# Does anyone know what this is?



## 480sparky (Sep 20, 2007)

Dammit, Jim......We're electricians, not the crew of "History's Mysterys"! 

One photo doens't cut it. Especially when that one photo shows just what appears to be a screen with a map on it.

For all I know, it could be a Star Trek tricorder.


----------



## James Bond (Jul 29, 2009)

Fair enough, 480sparky. 

I only have the one image, sadly. It's a screen grab from the 1974 Bond film The Man With the Golden Gun. The device was mounted on the dash of a plane as some kind of tracking device.

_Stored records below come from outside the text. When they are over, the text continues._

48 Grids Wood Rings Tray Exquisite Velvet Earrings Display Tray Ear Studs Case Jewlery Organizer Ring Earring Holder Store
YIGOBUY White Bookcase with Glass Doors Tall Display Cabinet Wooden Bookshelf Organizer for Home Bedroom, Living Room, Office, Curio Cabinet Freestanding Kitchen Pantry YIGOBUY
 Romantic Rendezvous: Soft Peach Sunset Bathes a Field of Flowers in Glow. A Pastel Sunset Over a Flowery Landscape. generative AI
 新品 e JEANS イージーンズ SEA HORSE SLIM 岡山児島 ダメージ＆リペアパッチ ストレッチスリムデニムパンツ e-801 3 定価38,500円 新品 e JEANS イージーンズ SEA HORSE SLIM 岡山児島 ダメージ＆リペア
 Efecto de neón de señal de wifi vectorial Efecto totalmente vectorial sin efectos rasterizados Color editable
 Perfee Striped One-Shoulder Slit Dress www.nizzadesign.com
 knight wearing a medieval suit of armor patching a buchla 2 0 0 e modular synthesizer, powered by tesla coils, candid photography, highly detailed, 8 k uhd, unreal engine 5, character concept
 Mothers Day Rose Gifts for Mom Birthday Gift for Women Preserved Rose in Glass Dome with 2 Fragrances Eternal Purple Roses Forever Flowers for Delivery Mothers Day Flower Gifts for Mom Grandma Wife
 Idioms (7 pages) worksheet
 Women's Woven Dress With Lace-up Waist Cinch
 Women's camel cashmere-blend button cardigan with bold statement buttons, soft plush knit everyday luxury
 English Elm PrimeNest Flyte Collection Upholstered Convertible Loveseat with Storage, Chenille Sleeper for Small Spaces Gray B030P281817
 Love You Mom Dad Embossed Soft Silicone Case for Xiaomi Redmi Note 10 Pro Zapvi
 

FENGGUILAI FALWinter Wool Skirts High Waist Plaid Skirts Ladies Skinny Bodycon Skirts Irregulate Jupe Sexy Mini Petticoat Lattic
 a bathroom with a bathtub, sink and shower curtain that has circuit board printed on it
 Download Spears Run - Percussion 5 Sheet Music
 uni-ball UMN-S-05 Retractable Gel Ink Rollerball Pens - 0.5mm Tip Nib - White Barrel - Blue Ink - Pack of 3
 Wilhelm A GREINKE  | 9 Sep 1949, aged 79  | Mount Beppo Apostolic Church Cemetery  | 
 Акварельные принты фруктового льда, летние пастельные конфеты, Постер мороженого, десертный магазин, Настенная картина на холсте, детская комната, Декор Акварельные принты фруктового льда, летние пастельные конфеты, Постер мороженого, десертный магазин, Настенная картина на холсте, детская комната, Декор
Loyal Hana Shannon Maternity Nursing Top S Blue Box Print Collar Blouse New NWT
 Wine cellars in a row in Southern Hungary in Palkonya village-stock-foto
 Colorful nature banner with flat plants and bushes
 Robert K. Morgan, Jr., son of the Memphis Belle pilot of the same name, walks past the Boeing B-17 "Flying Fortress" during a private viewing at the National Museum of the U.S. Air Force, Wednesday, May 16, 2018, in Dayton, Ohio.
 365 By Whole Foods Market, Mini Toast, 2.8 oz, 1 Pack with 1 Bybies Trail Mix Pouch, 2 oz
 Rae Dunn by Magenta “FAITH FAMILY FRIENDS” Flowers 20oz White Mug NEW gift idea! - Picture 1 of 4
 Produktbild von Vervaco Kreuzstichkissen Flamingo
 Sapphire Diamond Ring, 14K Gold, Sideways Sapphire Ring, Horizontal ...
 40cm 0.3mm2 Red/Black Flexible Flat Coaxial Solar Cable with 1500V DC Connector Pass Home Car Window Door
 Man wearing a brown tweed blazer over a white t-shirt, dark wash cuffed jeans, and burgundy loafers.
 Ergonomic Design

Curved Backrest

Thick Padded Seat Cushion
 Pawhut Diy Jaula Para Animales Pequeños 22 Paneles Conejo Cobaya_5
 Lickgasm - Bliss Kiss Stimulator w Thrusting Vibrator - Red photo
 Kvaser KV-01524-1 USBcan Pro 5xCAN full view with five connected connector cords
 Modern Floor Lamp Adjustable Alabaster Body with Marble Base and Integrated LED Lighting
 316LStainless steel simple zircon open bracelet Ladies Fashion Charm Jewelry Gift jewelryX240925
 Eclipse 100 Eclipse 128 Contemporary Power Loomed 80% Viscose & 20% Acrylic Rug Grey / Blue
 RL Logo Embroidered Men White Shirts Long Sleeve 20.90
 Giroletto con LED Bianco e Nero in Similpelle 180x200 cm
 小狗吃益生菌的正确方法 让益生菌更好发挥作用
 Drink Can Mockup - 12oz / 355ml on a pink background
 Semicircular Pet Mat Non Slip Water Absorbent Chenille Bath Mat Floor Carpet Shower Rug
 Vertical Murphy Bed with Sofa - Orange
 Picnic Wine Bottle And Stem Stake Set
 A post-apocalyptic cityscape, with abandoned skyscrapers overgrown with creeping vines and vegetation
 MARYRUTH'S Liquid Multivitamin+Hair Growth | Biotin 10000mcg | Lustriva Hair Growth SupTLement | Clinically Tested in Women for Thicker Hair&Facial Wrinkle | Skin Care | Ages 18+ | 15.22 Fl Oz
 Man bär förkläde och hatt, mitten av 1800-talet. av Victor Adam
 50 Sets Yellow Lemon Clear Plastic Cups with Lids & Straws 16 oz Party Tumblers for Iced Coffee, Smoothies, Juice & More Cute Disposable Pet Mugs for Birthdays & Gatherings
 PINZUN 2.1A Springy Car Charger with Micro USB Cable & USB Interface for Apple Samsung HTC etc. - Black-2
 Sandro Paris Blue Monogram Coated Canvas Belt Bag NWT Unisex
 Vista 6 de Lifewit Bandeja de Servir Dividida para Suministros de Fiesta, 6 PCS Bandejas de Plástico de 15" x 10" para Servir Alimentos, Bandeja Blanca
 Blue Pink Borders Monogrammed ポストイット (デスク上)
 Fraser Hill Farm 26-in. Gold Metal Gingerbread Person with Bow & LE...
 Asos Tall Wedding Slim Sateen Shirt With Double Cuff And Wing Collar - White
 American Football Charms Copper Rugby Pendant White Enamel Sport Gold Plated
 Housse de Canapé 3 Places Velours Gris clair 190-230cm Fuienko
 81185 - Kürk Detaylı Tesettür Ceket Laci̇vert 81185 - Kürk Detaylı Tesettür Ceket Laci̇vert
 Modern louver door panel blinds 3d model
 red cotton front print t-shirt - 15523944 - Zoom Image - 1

I guess I'm hoping someone will recognize the markings (ie 'Scale Amplifier', 'Sensitivity' and the other word ending in 'ator'). 

Thanks anyway.


----------



## 480sparky (Sep 20, 2007)

James Bond said:


> ...... It's a screen grab from the 1974 Bond film The Man With the Golden Gun. The device was mounted on the dash of a plane as some kind of tracking device. I guess I'm hoping someone will recognize the markings .........


What you have here, then, is a movie prop. It doesn't exist in real life other than something that was made to look real. Just like the tricorders from Star Trek.


----------



## MDShunk (Jan 7, 2007)

Scale amplifier, sensitivity, and balance indicator are terms most often used in association with a strain gauge. Strain gauges are used, among other things, as the readout for scales and tension testers.


----------



## mattsilkwood (Sep 21, 2008)

thats a map


----------



## mattsilkwood (Sep 21, 2008)

i didnt think tom tom had been around that long


----------



## bigredc222 (Oct 23, 2007)

It's one of those things that goes Bloop Bloop. With a light that lights up wherever the the vehicle is that you stuck the tracking device on. Very common on shows like Charlies Angels, Get smart,:laughing:

In one of the Bong movies, James is under water for whatever reason. He pulls this thing the size of a sharpie out of his pocket, puts it in his mouth and he can breath under water. 
So one of the big shots from the CIA that's supposed to be protecting our country, contacts the director of the movie or someone. Sorry my specifics aren't to clear. Anyway the CIA guy asks the Bond movie guy about this underwater breathing device. The CIA what's to get some for themselves. The movie guy tells him it's just a prop. CIA guy doesn't understand. He just wants to find out where to get them. Finally the movie guy get's the CIA guy to understand there's no such thing it's just a pen or something made to look a little different.
Chris
I saw the movie guy getting interviewed tell the story. I guess it's true.


----------